The Man with No Face by Peter May is set mainly in Paris in 1979. A jaded journalist travels to Europe to try and find details for a story about high level corruption. He meets with shadier colleagues and also with diplomats. The situation escalates when two people are assassinated and our journalist develops a link with the only witness – a child who is autistic.
This is a fast-paced thriller with people trying to protect the child, find the assassin and avoid becoming a target themselves. Part of the story is told from the viewpoint of the journalist, some from the assassin himself and some from the child. Added together the three viewpoints help to keep the pace tense up to the very end. The author doesn’t seem to have a high opinion of journalists or of diplomats and the majority of the people in this book are evil or at least definitely not what the general reader would describe as good.
The depiction of the child with autism is interesting but doesn’t ring entirely true to me – I am not quite sure why except that in her own thoughts seems to be more mature than I would expect a child of that age to be and to have a greater understanding of what is going on than I would anticipate. It doesn’t spoil the book at all and it is always good to have a person with a disability represented in a mainstream novel.
This book is mostly about redemption. The journalist has to take responsibility not only for bringing to light what has happened but for protecting innocents drawn into the situation.
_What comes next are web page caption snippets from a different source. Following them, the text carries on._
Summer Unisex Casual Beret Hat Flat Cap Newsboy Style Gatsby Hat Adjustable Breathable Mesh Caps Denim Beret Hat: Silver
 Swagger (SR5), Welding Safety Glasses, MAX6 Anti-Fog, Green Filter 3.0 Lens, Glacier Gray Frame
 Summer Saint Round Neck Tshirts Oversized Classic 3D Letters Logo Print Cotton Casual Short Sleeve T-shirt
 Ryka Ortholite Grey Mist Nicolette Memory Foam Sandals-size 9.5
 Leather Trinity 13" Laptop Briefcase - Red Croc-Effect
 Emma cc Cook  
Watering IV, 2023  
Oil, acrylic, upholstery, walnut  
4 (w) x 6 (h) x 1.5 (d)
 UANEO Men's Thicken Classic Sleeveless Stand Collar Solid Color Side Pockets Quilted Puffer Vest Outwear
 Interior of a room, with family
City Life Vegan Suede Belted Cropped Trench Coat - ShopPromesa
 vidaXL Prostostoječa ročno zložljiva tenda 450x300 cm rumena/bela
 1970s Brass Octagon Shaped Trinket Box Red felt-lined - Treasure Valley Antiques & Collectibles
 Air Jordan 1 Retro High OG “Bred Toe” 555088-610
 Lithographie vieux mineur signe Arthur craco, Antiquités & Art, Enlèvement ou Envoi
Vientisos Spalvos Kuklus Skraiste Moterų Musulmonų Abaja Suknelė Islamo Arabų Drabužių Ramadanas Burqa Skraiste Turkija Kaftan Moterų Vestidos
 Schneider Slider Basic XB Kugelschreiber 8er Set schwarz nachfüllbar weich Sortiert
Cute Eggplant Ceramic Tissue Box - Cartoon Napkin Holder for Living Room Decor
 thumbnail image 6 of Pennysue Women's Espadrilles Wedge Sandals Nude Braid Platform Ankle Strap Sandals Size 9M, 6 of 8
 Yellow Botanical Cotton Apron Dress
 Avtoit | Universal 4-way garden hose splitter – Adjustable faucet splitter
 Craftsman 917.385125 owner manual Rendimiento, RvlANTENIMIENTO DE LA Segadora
He begins to use his long ignored moral sense and conscience and grows as a person during the course of the narrative.
This is not a great book. I say this because the author’s Black House trilogy consists of much more textured and literary crime novels and they are great books (in my opinion). This novel is not at the same level but it is still enjoyable. It is a recently revised and reissued book from earlier in the author’s career. If you like a quick read with lots of action then I think that you will enjoy this one.